Ça rentre en tabarouette et le rythme (effréné) reste le même du début à la fin du set qui durera un peu plus de 35 minutes. Un coup de vent trop rapide mais qui décoiffe solide. On sent que le gars du Lac joue le show de sa vie et c’est grisant de vivre ça avec lui. (Vidéo via Instagram)
S’entame la deuxième partie du triple plateau avec les Pennsylvaniens de The Districts, un groupe à l’alignement hyper conventionnel (guitare mélodique, guitare rythmique, batterie, basse) qui débute ses chansons avec des intros courtes mais souvent planantes. On fait vite de remarquer leur attitude grunge, un bel exercice de style, surtout à cause de la voix plaignarde et la dégaine du chanteur Rob Grote. Leur rock au riffs un peu surf par bouts est certes un peu générique, mais ça reste bien fait et charmant pour n’importe quel directeur musical de College Radio nord-américaine. Ils auraient eu davantage leur place au Show de la rentrée de l’ULAVAL qu’en première partie des Stones. Une découverte sympa, sans plus.
Or, on se questionne un peu sur leur position au podium avec Galaxie (des stars locales avec des hits!) qui déplaçaient pas mal plus d’air une vingtaine de minutes avant. Et qui, de surcroît, n’ont laissé aucun temps mort.
Autant dire que les Stones ont galvanisé une foule toute entière et dès leur entrée en scène devant quelques fans hautement désagréables – parole de fille qui dû se frayer un chemin pour aller aux toilettes, une aventure périlleuse ponctuée par du chantage sexuel. Même si une collègue s’est fait traiter de pute et qu’une autre s’est fait cracher dessus de l’autre côté de la clôture, les déhanchements de Mick Jagger et le sourire de Keith Richards (qui s’avère un fort bon chanteur sur Happy) font vite de panser nos plaies comme si tout était oublié. (Vidéo via Instagram)
C’est une leçon de rock and roll, une classe de maître qu’écris-je, que les Rolling Stones ont donné ce soir.
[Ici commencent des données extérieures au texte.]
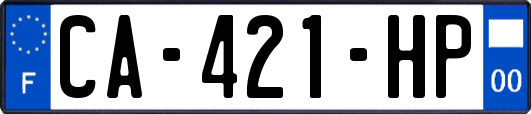 CA-421-HP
C’est un lieu commun mais ce n’est pas moins vrai: leur énergie, leur fougue, leur jeu et leur voix sont complètement surréalistes pour des septuagénaires – à l’exception de Ron Wood, 68 ans, « le roi de la poutine » pour reprendre les mots de Jagger qui ponctuait le spectacle d’interventions dans un français impeccable. Le seul qui semblait plus fatigué, c’est le doyen et batteur Charlie Watts.
Comme si ce n’était pas suffisant, le quatuor avait invité deux saxophonistes, deux claviéristes, deux choristes dont l’incroyable Lisa Fischer (telle que vue dans le documentaire 20 Feet from Stardom), un autre guitariste et un percussionniste caché dans l’ombre. Des arrangements qui, ça va de soi, ajoutent une bonne dose de groove et de la profondeur aux multiples succès comme Start Me Up, Honky Tonk Woman, Miss You (Jagger a sorti sa guitare pour celle-là!), Sympathy for the Devil, Brown Sugar et Satisfaction. Même une chorale (le Choeur des jeunes de Laval) et un joueur de cor français sont venus les rejoindre sur You Can’t Always Get What You Want.
Le moment fort selon moi? Lisa Fischer, probablement l’une des plus grandes « backup singer » du monde, bluffante, sensuelle et mise de l’avant sur Gimme Shelter. Frissons. (Vidéo via Twitter)
En tout, on a eu droit à une performance de feu qui aura duré plus de deux heures sans s’essouffler. Est-ce que je regrette mon choix? Absolument pas.